American Vision provides Bible-based training for families and churches to expand Christ’s Kingdom to every corner of life for generations to come. Providing a coherent curriculum across the disciplines, while at the same time addressing key issues as they arise, American Vision reaches beyond traditional ministry and points to 1,000 generations of service and hope. Deuteronomy 6:6-7”
-pop-up window defining "Biblical Education"


I’m not entirely sure what on earth this means. It has a flavor that smacks of Botkin’s “200 Year Plan” and sounds like Vision Forum’s “multigenerational faithfulness.” According to their aberrant theology and interpretation of Deuteronomy chapter 5, Bill Einwecter claims that as the good works of Christians today create blessings for 1,000 generations, but that the consequences of the sins of the Redeemed today still visit their children to the 3rd and 4th generations.

Could one consider this American Vision statement as putting the positive twist on the double-edged “multigenerational faithfulness” concept of the Old Law as applicable to Christians under the New Covenant? It sounds to me like an odd Protestant version of the Roman Catholic concept of accumulated meritorious works as intercessory supererogation for the dead.

I also wonder whether their “1000 Year Plan” is a typo or whether the generations comment is a typo? Are they pointing to an approximation of a figurative 1000 generations that history has witnessed since Moses penned Deuteronomy 6 (I figure that only approx. 75 generations elapsed in 3400 years) or are they planning for an approximate 50,000 years of American Vision’s future fruitfulness?

Since the Vice President of American Vision once asked me just “what my husband thought” when offended at my opinion of Boerne Christian Assembly, I thought I would offer his recent thought on the new “Introduction” page for American Vision. (By the way, I the Boerne church a cult. Independent of me and without any coaching or advanced notice, the VP became quite inflamed when my husband said, “You mean that cult Doug [Phillips of Vision Forum] was running?”)
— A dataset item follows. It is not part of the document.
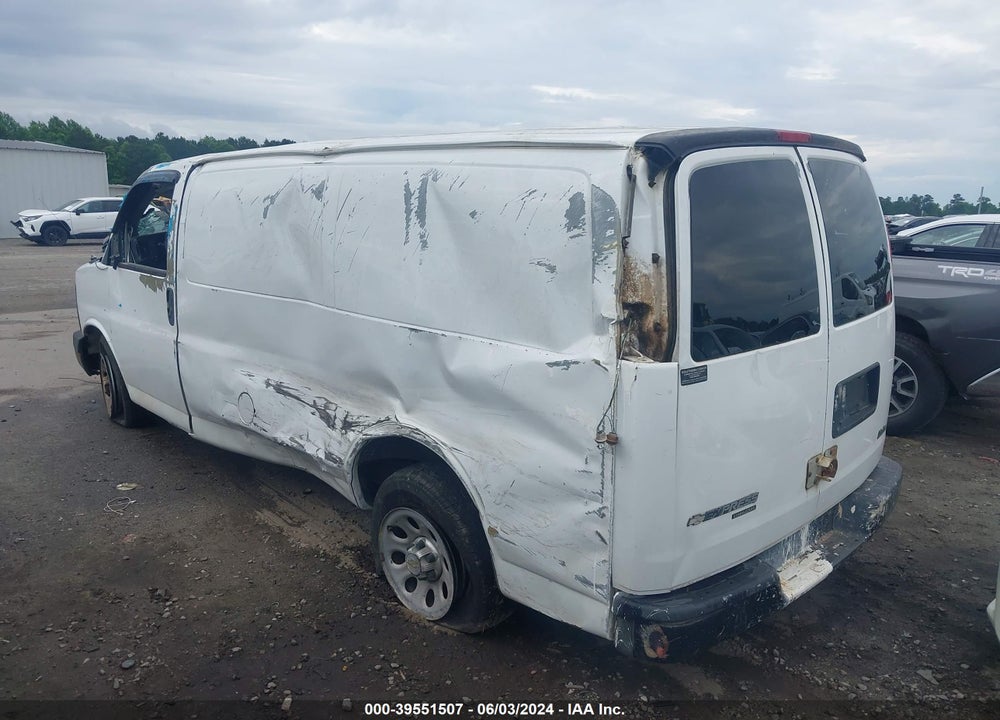 2011 CHEVROLET EXPRESS 1500 WORK VAN VIN: 1GCSGAFX4B1189232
This was my husband’s response when I read the above quote about American Vision's 'servanthood dominion' to him:
It [American Vision and their mission statement] went from a clear cut ministry in support of the church into some nebulous nothing market strategy that sounds like it came from an MBA, denoting and connoting nothing. It’s all image and no substance. That’s what they’ve done. They’ve transmuted into the prototype of image over substance.